In my respects – and this is not the place to bring into focus Emile Benveniste’s last seminar on language and writing – Agamben’s treatment of the voice is nourished by pushing beyond the limits of the great twentieth century linguist who, for the most part, remained silent on the place of the voice. Not that there is a need for another substantive treatment of the vocative; in fact, one of the great achievements of La voce umana (2023) is precisely the archeological reconstruction of the Aristotelean “what is in the voice” (ta en té phonē) formula in which the classical metaphysical inception of language comes closest to the voice only to render it “articulate” and thus subordinated to the legibility of gramma or the written sign (42-44). And whatever one thinks of what constitutes the “primacy” of metaphysics in West (phone or gramma), what is important is the fact that domestication of language has been auxiliary by the “fundamental discipline of the West” (grammar) that sets off the immediate point of dialectical force between speech and the alphabetical inscription in the voice (45-46). Civilization is nothing more than the historical process of taming one’s voice.

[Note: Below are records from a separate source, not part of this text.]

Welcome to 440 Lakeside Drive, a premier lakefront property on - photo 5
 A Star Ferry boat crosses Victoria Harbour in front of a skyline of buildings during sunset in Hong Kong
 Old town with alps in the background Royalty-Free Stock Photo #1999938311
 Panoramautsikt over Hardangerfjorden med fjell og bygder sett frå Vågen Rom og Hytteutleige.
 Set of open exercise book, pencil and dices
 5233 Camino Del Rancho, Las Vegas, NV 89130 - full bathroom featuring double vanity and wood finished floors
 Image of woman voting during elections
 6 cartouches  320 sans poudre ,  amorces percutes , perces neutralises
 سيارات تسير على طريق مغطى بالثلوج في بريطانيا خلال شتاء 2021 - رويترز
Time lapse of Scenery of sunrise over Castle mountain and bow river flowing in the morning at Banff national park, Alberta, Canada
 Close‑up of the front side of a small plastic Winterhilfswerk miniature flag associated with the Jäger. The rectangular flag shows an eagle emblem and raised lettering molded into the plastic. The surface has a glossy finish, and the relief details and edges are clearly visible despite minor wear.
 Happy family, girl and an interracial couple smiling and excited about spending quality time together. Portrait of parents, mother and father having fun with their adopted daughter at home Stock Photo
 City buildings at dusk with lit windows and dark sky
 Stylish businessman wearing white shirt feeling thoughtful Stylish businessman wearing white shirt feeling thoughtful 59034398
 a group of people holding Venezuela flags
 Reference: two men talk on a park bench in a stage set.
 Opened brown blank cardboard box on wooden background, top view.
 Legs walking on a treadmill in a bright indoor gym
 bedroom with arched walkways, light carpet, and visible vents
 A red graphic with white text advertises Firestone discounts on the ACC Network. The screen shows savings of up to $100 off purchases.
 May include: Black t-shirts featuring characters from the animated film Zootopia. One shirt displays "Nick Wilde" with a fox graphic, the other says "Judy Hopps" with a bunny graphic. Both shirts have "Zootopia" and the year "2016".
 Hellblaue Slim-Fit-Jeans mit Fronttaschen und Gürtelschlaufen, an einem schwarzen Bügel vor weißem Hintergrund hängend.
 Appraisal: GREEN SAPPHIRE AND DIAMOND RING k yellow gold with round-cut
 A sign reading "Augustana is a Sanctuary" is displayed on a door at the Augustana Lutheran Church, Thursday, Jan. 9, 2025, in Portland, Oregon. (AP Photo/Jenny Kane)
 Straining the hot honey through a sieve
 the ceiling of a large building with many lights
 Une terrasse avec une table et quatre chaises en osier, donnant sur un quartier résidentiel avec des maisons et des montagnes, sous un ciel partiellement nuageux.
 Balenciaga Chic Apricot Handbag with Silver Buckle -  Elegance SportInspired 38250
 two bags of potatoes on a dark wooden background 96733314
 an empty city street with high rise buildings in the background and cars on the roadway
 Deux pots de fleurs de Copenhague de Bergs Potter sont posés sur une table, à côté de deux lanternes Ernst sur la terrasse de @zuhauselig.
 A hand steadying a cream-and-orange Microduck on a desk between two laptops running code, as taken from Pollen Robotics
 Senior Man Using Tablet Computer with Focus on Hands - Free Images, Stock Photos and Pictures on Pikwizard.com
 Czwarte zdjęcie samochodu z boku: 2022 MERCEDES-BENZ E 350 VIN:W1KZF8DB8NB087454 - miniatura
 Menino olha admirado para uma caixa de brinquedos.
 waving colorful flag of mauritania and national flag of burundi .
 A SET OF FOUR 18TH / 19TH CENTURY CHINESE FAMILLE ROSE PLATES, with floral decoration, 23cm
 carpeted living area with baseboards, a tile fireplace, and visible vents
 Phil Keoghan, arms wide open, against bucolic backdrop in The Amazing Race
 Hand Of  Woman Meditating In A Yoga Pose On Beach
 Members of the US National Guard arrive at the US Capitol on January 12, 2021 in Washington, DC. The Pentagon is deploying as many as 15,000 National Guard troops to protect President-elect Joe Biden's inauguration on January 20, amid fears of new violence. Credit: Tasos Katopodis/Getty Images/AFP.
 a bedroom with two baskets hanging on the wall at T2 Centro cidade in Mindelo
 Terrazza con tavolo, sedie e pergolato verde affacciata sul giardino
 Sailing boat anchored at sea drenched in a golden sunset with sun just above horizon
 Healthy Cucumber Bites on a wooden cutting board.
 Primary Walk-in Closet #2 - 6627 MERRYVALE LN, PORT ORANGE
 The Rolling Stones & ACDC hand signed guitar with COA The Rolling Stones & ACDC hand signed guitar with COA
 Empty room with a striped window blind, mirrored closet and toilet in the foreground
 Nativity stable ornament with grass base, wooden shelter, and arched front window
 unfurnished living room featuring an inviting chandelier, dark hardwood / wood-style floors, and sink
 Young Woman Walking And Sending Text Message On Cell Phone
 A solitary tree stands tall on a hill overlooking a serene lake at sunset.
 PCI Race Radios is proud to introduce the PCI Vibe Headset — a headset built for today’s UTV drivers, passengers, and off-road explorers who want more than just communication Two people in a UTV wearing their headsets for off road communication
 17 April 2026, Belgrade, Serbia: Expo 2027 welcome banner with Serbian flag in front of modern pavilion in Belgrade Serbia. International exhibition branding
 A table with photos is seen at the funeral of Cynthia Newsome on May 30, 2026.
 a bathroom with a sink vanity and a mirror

At this point, it becomes clear that Agamben remains faithful to his old friend, the Spanish poet José Bergamín, whose bewildering essay from 1933 “La decadencia del analfabetismo” (“The decline of illiteracy”), argued precisely that the upwards movement of civilization of grammar and writing undermined the living voice and imagination of concrete and localized people (“pueblos minorías”) livelihood [1]. Indeed, it does not take much to see how the grammaticalization of human experience was a fundamental infrastructure for the consolidation of civil society grounded in the articulation of internal recognition of rules, normative directives, and binding statutory enforcement. The triumph of the order of grammar will only intensify the movement towards the total integration of every form of life into the fictive rhetorical space on behalf of what has already been stated without having to persuade, to put in Carlo Michaelstaedter’s terms that I do not think contradict the terms that Agamben extracts from his exegesis of the voice.

The political problems emerging from the confrontation with the voice are multiple. One can recall how in modernity, when “words have been liberated from their sacred denomination” (something pondered by Joseph De Maistre in his The Generative Principle of Political Constitutions as political revolution sets through universal recognition), the closure of the rhetoric embedded in “social life” captures the event of the voice into a stable communicative dimension of language (“suoni della lengua”), which for Agamben resembles the etymology of the word phònos: murder, that is, the self-conscious assassination of the voice at the altar of free-floating rhetoric and the order of discourse (50-51). By the same token, in our epoch every living being has the malleable equalizer and “amplifier” (a word used, indeed, by the Supreme Court of the United States when deciding the case that granted equity between finance campaign and ‘public use of language’) of words, but it is only rare to see anyone truly possessing a voice. If every entity in the world has been previously assigned and grammatically ordered, what is absent is precisely the chōra as the “invisible and formeless place” (‘invisibile e senza forma”) in which the intelligible pure state of the language in the voice. In this strict sense, whoever possesses a voice is one who dissolves the axiomatic arrangement of discourse only to transform the world as inhabited. This is why the voice remains not a threshold to semantic register or the written technology, but rather an unknown song (“canto ignoto”), as it was called by Benedictine monk Guido d’Arezzo. And this song, the voice, can be followed and deciphered but never truly mastered as absolute transparent knowledge (45).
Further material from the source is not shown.